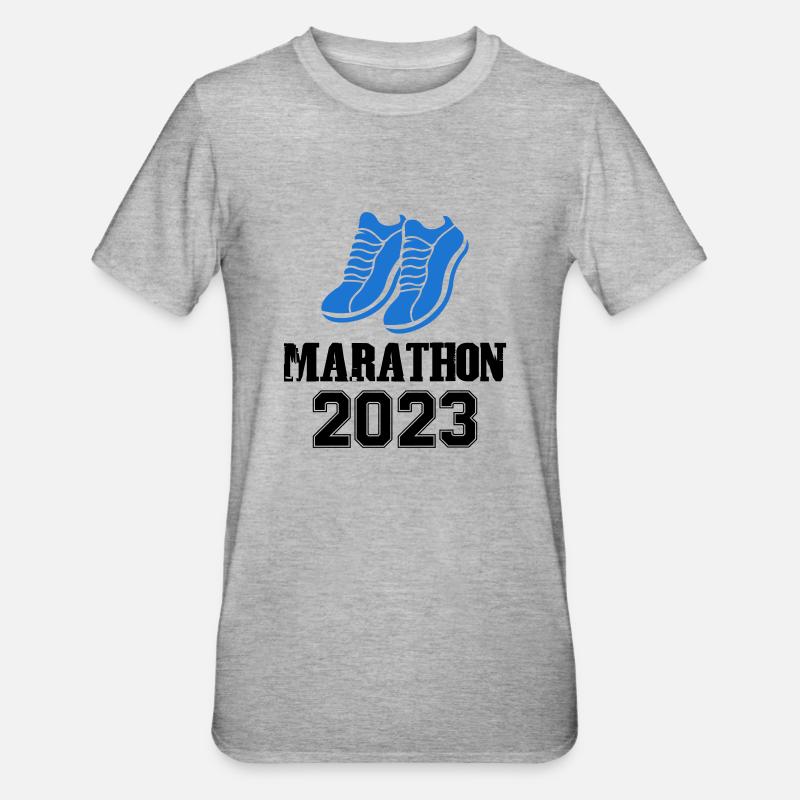 Marathon 2023 - Unisex Polycotton T-Shirt - heather grey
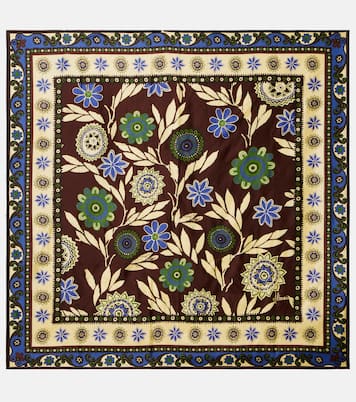 Sciarpa in raso di seta con stampa floreale | Alémais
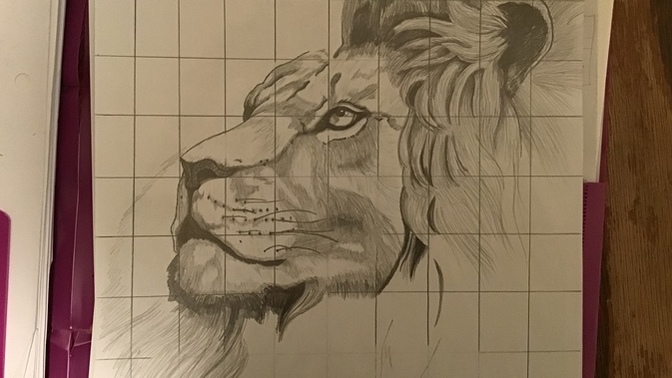 Finally, ever since May of this year…. I finished the T-Rex portrait?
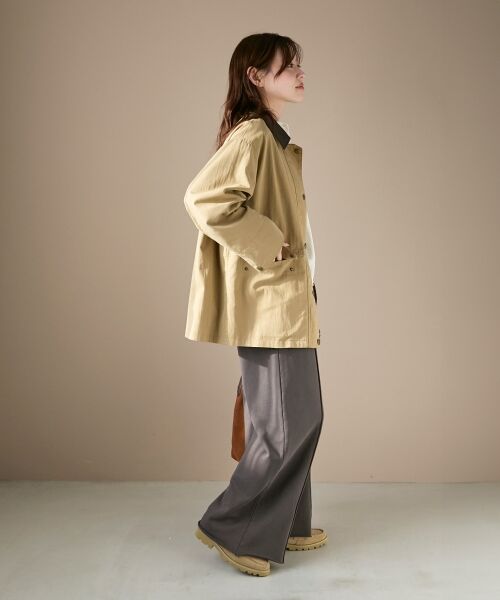 le.coeur blanc / ルクールブラン その他アウター | 異素材カラーワークジャケット | 詳細27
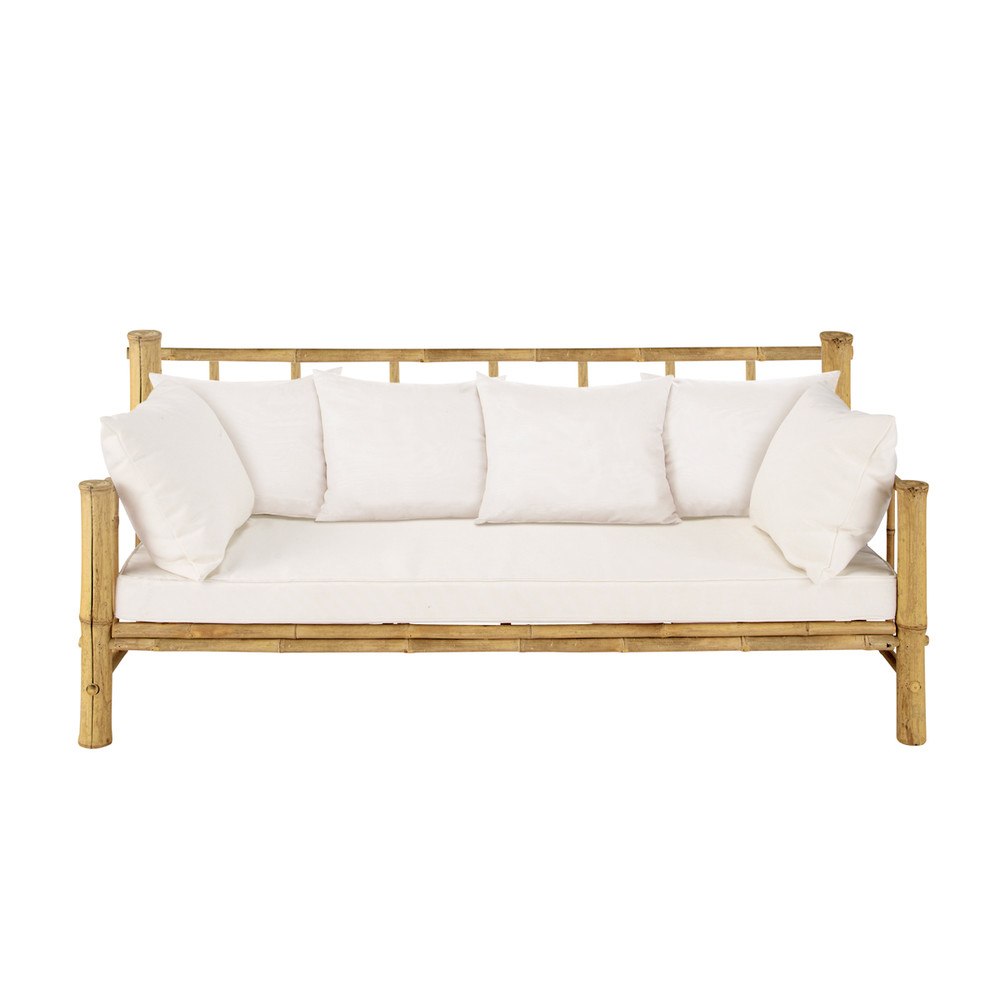 Garden Furniture Bamboo 3 seater bamboo garden bench seat robinson | maisons du monde Garden Furniture Bamboo 3 seater bamboo garden bench seat robinson | maisons du monde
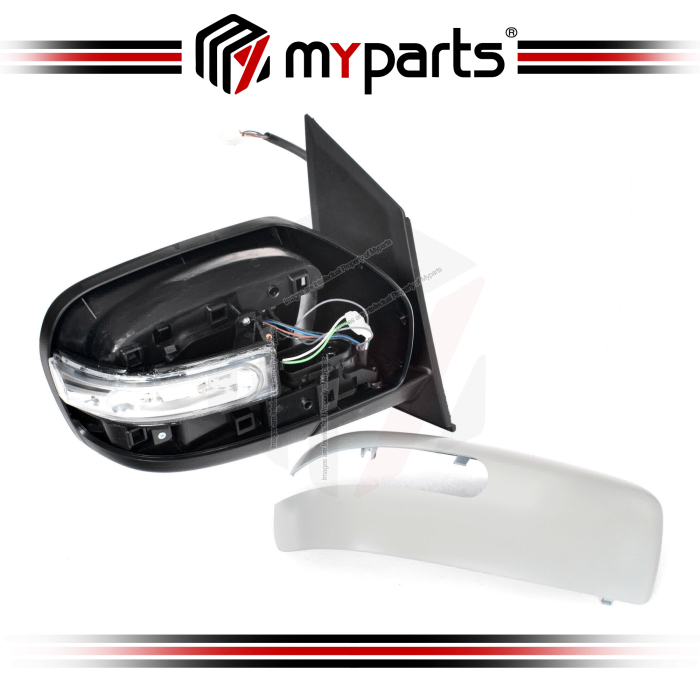 TYC Mazda CX7 CX-7 ER Pre-Facelift 2006~2009 Power Side Door Mirror With Lamp | RH Right Hand (Driver)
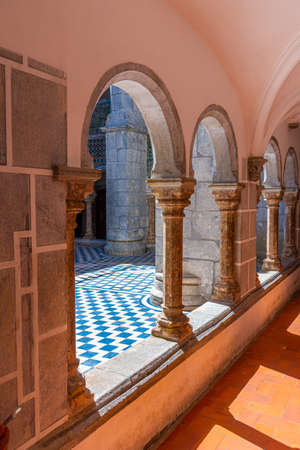 SINTRA, PORTUGAL, MAY 30, 2019: Interior of the national palace in Pena, Sintra, Portugalのeditorial素材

══════════

▶ [Directions]
Repeat exactly the lines in the entries from the one containing "du monde Garden" to the final line, inclusive, and nothing beyond them; skip pictures.

▶ [Result]
 Garden Furniture Bamboo 3 seater bamboo garden bench seat robinson | maisons du monde Garden Furniture Bamboo 3 seater bamboo garden bench seat robinson | maisons du monde
 TYC Mazda CX7 CX-7 ER Pre-Facelift 2006~2009 Power Side Door Mirror With Lamp | RH Right Hand (Driver)
 SINTRA, PORTUGAL, MAY 30, 2019: Interior of the national palace in Pena, Sintra, Portugalのeditorial素材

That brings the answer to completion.